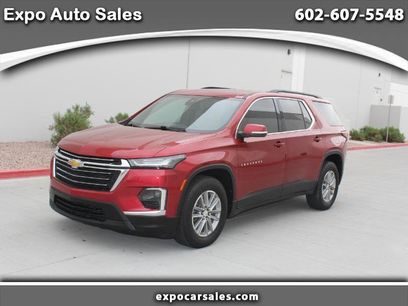 Used 2023 Chevrolet Traverse LT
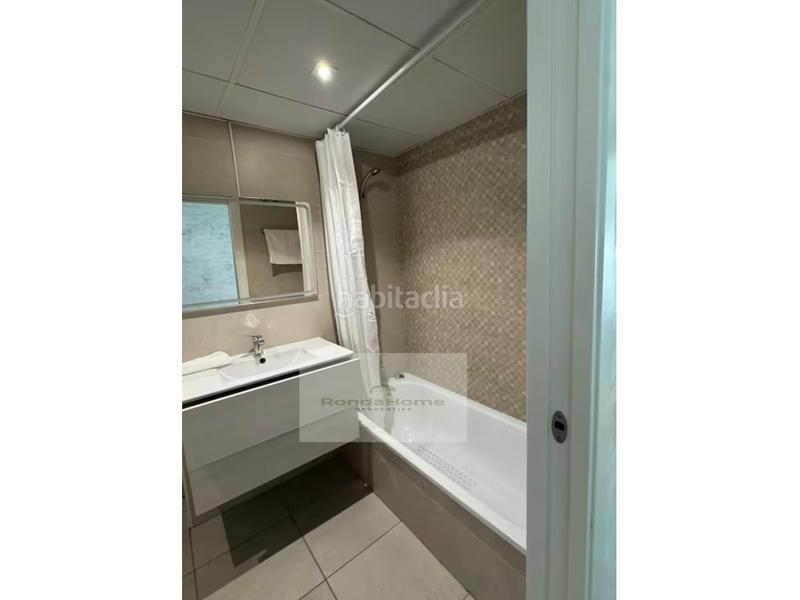 Foto 4cba4705-12e6-4166-8f28-c5a3df20a34f. Alquiler piso apartamento de 2 dormitorios en urb. albatros 6 totalmente reformado larga temporada. en Marbella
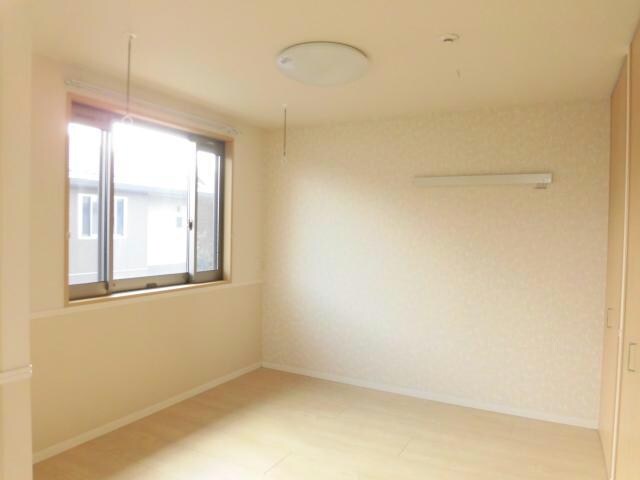 ラ・リズィエールB（韮塚町）の物件内観写真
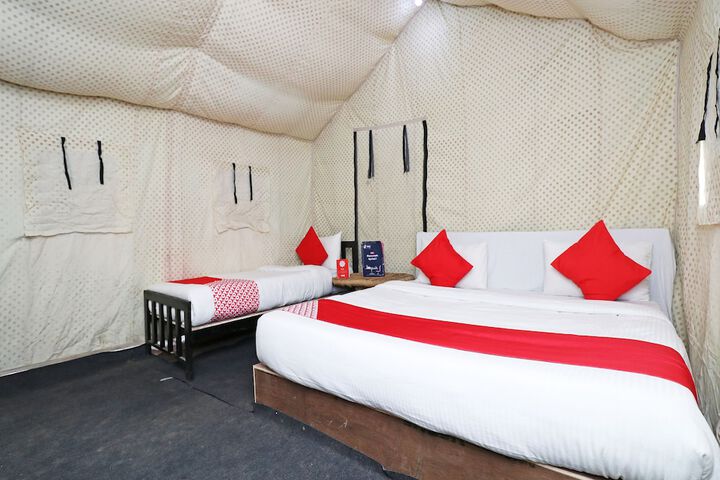Room 23 of 32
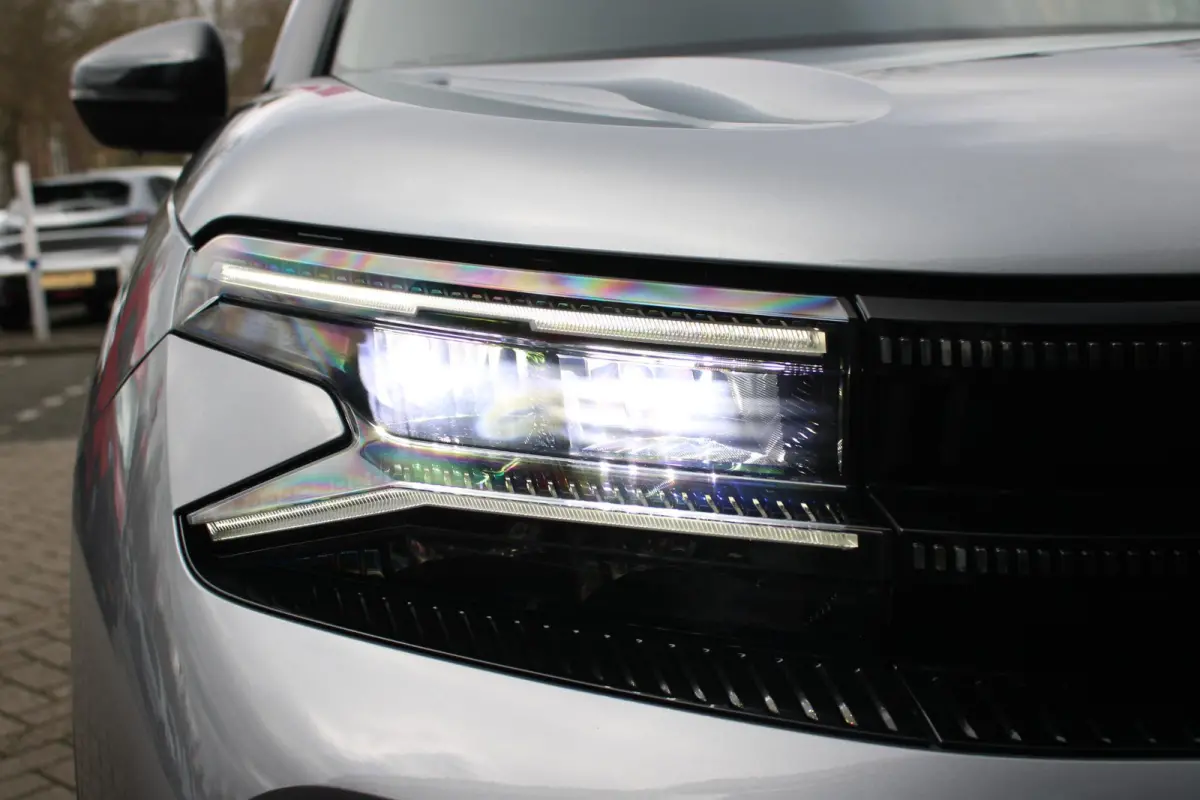 1.2 145PK AUTOMAAT Hybrid ë-SERIES | ELEKTRISCH BEDIENBARE BESTUURDERSSTOEL | APPLE CARPLAY/ANDROID AUTO | NAVIGATIE | FULL LED KOPLAMPEN | CLIMATE CONTROL | DAB+ RADIO | 19" LICHTMETALEN V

■ **WORK INSTRUCTIONS**: Write out the entries again, word for word. No images.

■ **SOLUTION**:
 Used 2023 Chevrolet Traverse LT
 Foto 4cba4705-12e6-4166-8f28-c5a3df20a34f. Alquiler piso apartamento de 2 dormitorios en urb. albatros 6 totalmente reformado larga temporada. en Marbella
 ラ・リズィエールB（韮塚町）の物件内観写真
Room 23 of 32
 1.2 145PK AUTOMAAT Hybrid ë-SERIES | ELEKTRISCH BEDIENBARE BESTUURDERSSTOEL | APPLE CARPLAY/ANDROID AUTO | NAVIGATIE | FULL LED KOPLAMPEN | CLIMATE CONTROL | DAB+ RADIO | 19" LICHTMETALEN V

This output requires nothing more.